Before exploring our implementation, let's review some key concepts:

Kafka Fundamentals

Topics: Named channels for publishing event streams
Partitions: The unit of parallelism in Kafka, allowing horizontal scaling
Producer: Publishes events to topics
Consumer: Subscribes to topics and processes events
Consumer Groups: Coordinate consumption across multiple consumer instances
Offsets: Track the position of consumers within partitions

Avro and Schema Registry

Avro Schema: JSON document defining the structure of events
Schema Registry: Central repository for schemas
Schema ID: Unique identifier for a registered schema
Schema Evolution: Rules for compatible schema changes
Serialization/Deserialization: Converting between objects and binary format

Implementing a Robust Kafka Producer

Let's examine how we implemented our Kafka producer with Avro serialization.

Schema Management

The first step in our implementation was building a robust schema management system. We created a SchemaManager component responsible for:

Registering schemas with the Schema Registry
Caching schemas to avoid repeated registry calls
Serializing and deserializing messages
Creating properly formatted Kafka records

Here's how our Schema Manager is structured:

type SchemaManager struct {
    Client       *sr.Client       // Schema Registry client
    Serde        *sr.Serde        // Serializer/Deserializer
    SchemaCache  map[string]avro.Schema     // Cache for parsed schemas
    SubjectCache map[string]sr.SubjectSchema // Cache for registry schemas
}

A key design decision was implementing schema registration with version checking, which ensures we only register new schemas when necessary:

func RegisterSchema(ctx context.Context, topic string, schemaFile string) (int, error) {
    // Read schema file
    schemaText := readSchemaFile(schemaFile)
    subject := topic + "-value" // Standard naming convention

    // Check if schema already exists
    versions := getExistingVersions(subject)
    if schemaAlreadyExists(versions, schemaText) {
        // Use existing schema
        return existingSchemaId, nil
    }

    // Register new schema if needed
    avroSchema := parseAvroSchema(schemaText)
    schemaId := registerWithRegistry(subject, schemaText)

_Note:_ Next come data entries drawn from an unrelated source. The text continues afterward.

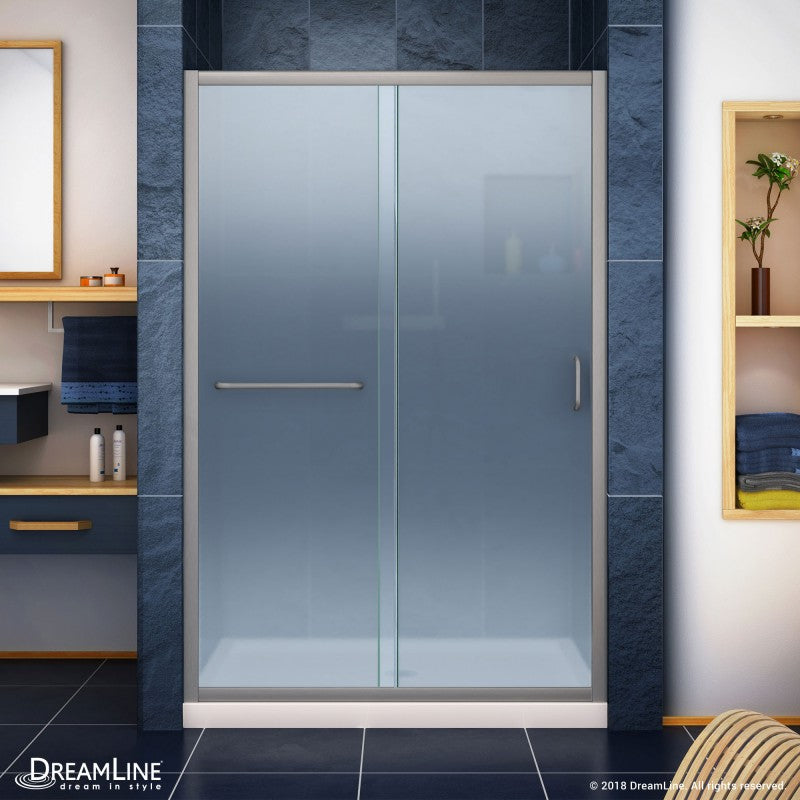 Infinity-Z Semi-Frameless Single Sliding Shower Door Kit with Biscuit Shower Base Pan and Center Drain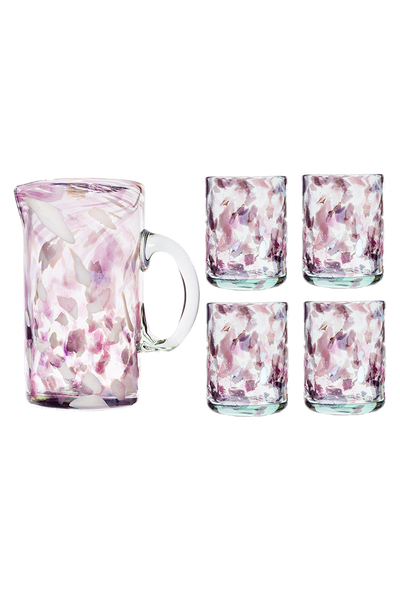 Set of pink glass pitcher and four glasses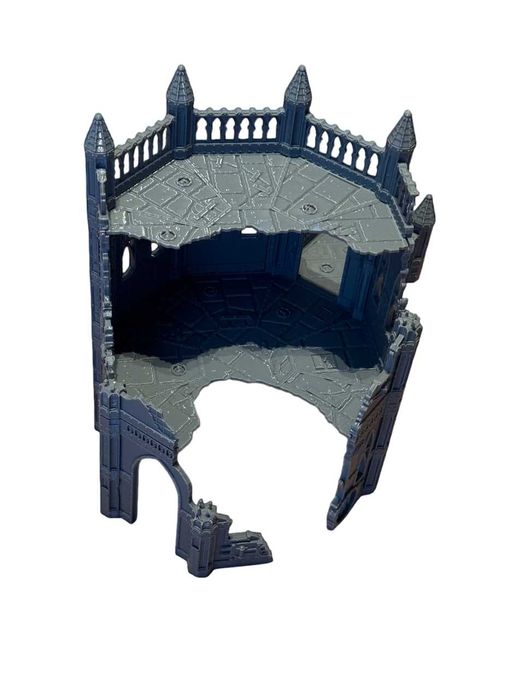 Ruiny gotyckiej wieży z balkonem, modularna, grimdark, sci-fi, druk 3D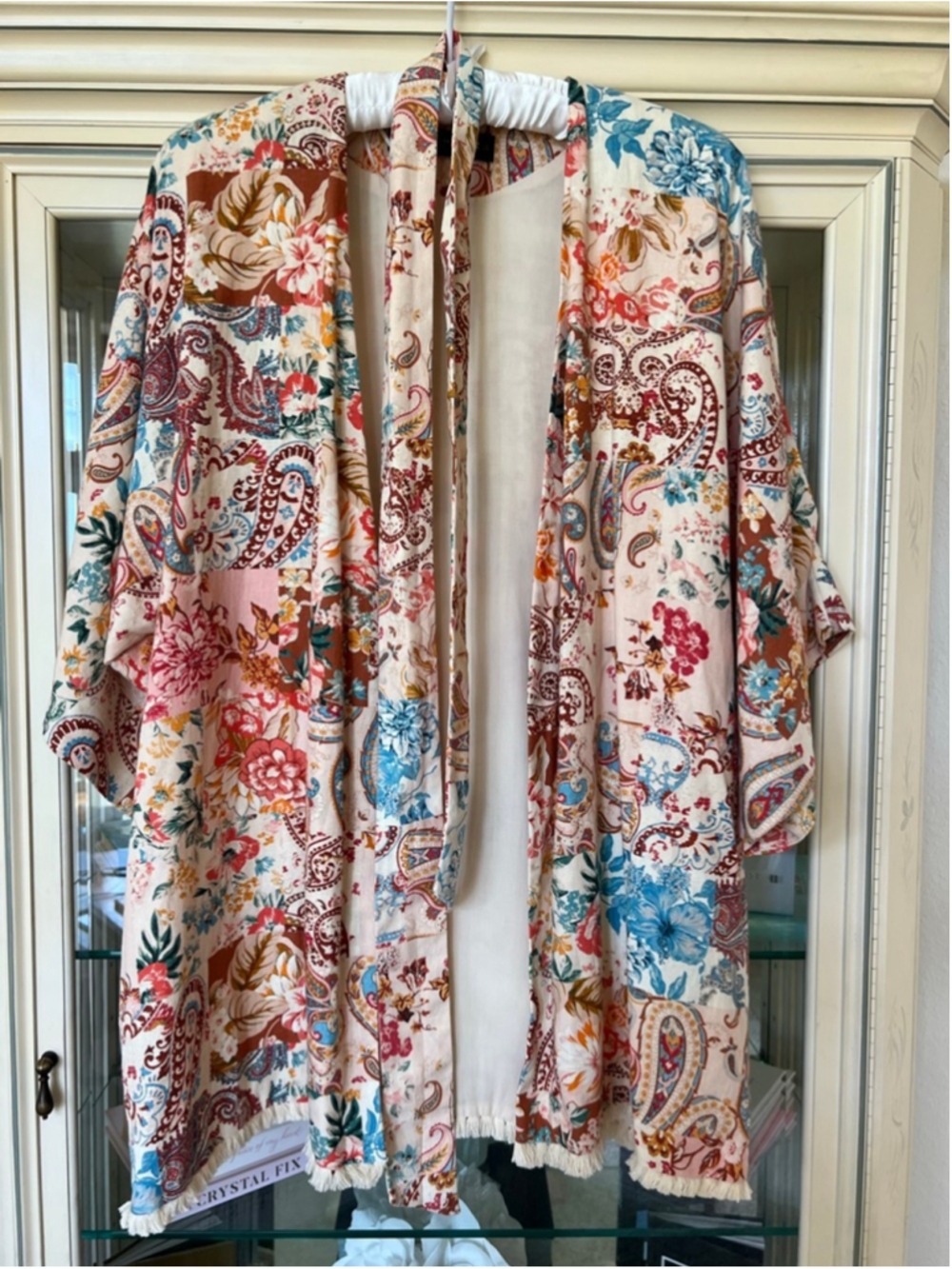 Women's ZARA Floral Paisley Patchwork Robe White Multicolor XS but fits XS S M L - Picture 3 of 10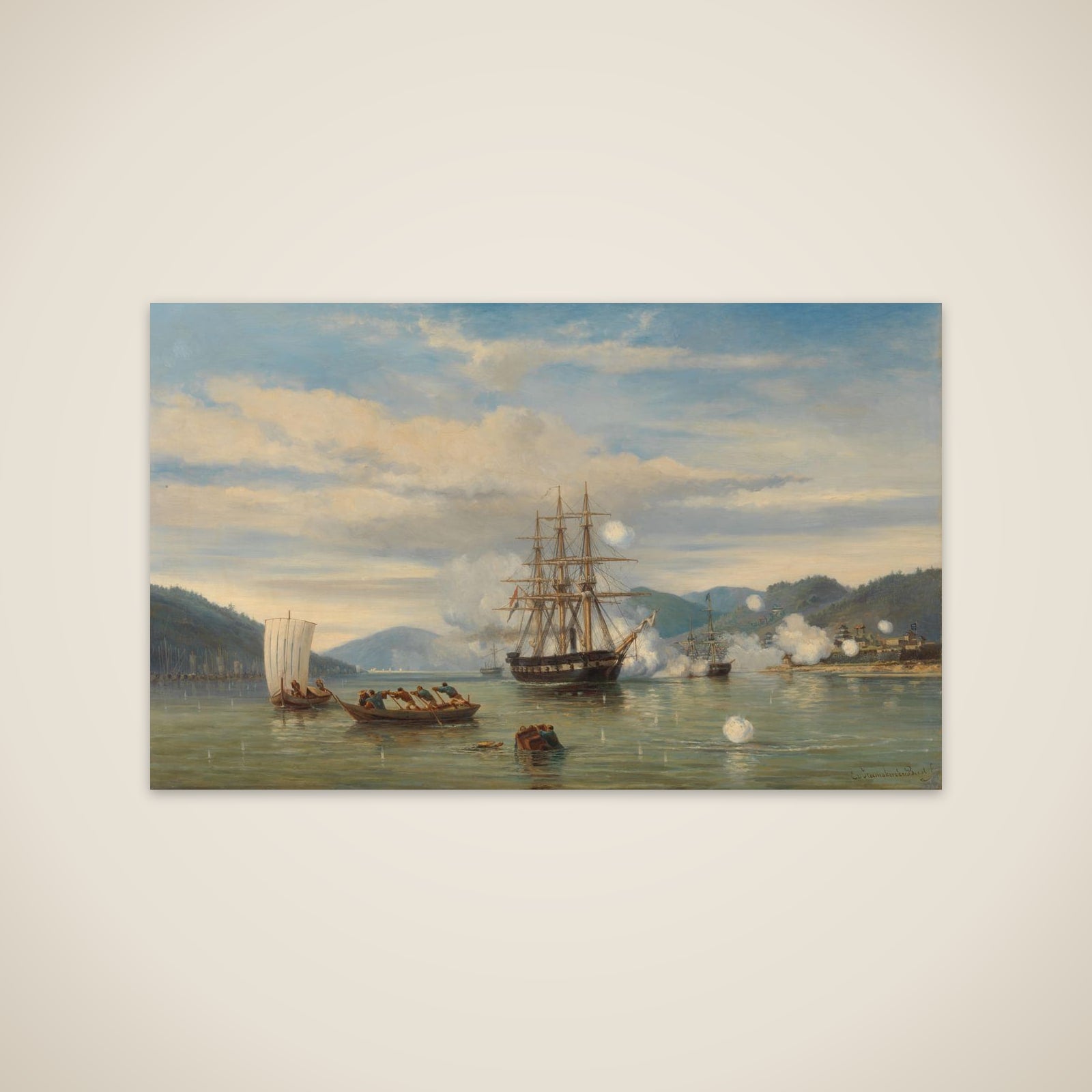 HMS 'Medusa' Forcing the Passage through Shimonoseki Strait between Kyushu and Honshu, September 1864 unframed print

    // Cache the schema for future use
    cacheSchema(subject, avroSchema, schemaId)

    return schemaId, nil
}

Producer Configuration

Proper producer configuration is crucial for reliability and performance. Here's how we configure our Kafka producers:

func NewProducer(cfg *Config) (*Producer, error) {
    opts := []kgo.Opt{
        kgo.SeedBrokers(cfg.Brokers...),
        kgo.DialTimeout(cfg.DialTimeout),
        kgo.RetryBackoffFn(exponentialBackoff(cfg.RetryBackoffMs)),
        kgo.RecordRetries(cfg.Retries),
        kgo.RequiredAcks(kgo.AllISRAcks), // Wait for all replicas
        kgo.ProducerBatchCompression(kgo.SnappyCompression()),
    }

    return kgo.NewClient(opts...)
}

Key configuration options include:

RequiredAcks: We use AllISRAcks to ensure durability, waiting for all in-sync replicas to acknowledge writes
RecordRetries: Configures how many times to retry failed produces
RetryBackoff: Implements exponential backoff for retries
BatchCompression: Reduces network bandwidth and storage requirements

Serialization and Production

The core of our producer implementation combines schema management with message production:

func Produce(ctx context.Context, topic string, key string, event interface{}) error {
    // Get schema for topic
    subject := topic + "-value"
    schema := getSchemaFromRegistry(subject)

    // Serialize the event
    serializedData := serializeWithSchema(schema, event)

    // Create Kafka record
    record := &kgo.Record{
        Topic: topic,
        Key:   []byte(key),
        Value: serializedData,
        Headers: []kgo.RecordHeader{
            {Key: "trace_id", Value: []byte(getTraceID(ctx))},
        },
    }

    // Send asynchronously with callback
    resultCh := make(chan error, 1)
    producer.Produce(ctx, record, func(r *kgo.Record, err error) {
        if err != nil {
            log.Error("delivery failed", "error", err)
            resultCh <- err
            return
        }

        log.Info("message delivered", 
            "topic", r.Topic,
            "partition", r.Partition,
            "offset", r.Offset)
        resultCh <- nil
    })

    // Wait for result
    return <-resultCh
}

Our implementation uses asynchronous production with callbacks, which provides better throughput while still giving us synchronous error handling in the client code.

Advanced Kafka Configuration

Beyond basic producer setup, we've implemented several advanced patterns for reliability and performance.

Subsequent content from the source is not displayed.